An EU diplomat said France is keen to impose new sanctions on Gaddafi. The extra measures are to target regime-linked companies to prevent him from hiding money. But they are unlikely to touch Libyan oil exporters.
France is also keen to debate military support for humanitarian aid, economic assistance for the wider region and a general "reset" in EU relations with Maghreb countries.
The diplomatic contact noted that new sanctions could be ready by Thursday and that the summit could be brought forward if "something atrocious" happens in Libya before next week.
A Turkish diplomat remarked: "11 March is still quite some time away in view of the rapidly changing situation in Libya.
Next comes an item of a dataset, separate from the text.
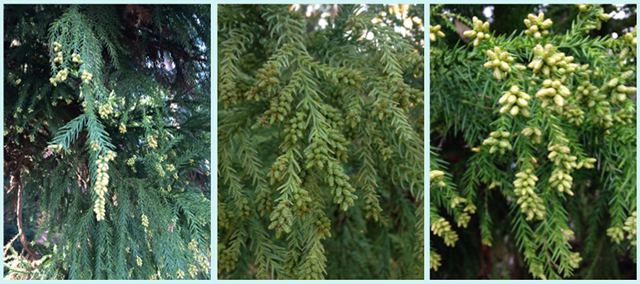 みんなからの雄花リポート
I hope that the EU will want to consult with us on the subject. Better still would be to invite our prime minister to the summit."
Germany was initially reluctant to hold the Libya meeting, with German diplomats saying as late as Monday afternoon that the French idea is "not serious."
The doubling-up with the eurozone event is politically awkward for Berlin.
The group-of-17 meeting is a German initiative to get weaker euro-members to sign up to a legally-binding German model of fiscal discipline in what could be giant leap forward in the history of EU integration.
Berlin has rejected public calls by non-euro countries, primarily Poland, to let them take part.
On 11 March Polish prime minister Donald Tusk will come to the EU Council building in Brussels in the morning to talk about Libya. But he will have to go home at lunchtime when the doors slam shut for the euro event.
Poland and Germany declined to comment.
'Great Powers' unwelcome
For his part Alastair Crooke, a former high-level EU advisor on the Middle East who now runs an NGO in Beirut, said the best thing the EU and US can do is to stay out of events in north Africa.
"There is a deep mistrust here which goes back to the 1920s when the Great Powers, Britain and France, promised people independence and what they got was neo-colonial occupation," he explained.
He noted that EU diplomacy is starting from scratch after the revolutions: "They've been too busy talking at the top table with Gaddafi and [former Egyptian leader] Mubarak to have any depth of contacts with the opposition forces on the ground."
Mr Crooke added that Iran is staying out of Libya because it understands the situation better than the West.
"At this stage it [the opposition movement] is not a political structure. It's something much more profound and much more rooted in a human response to circumstances ... All revolutions generate a dominant narrative at some stage, core myths and ideas about society that give it some meaning for ordinary people. Here it is too soon even for that. Any outsider should be careful about intervention."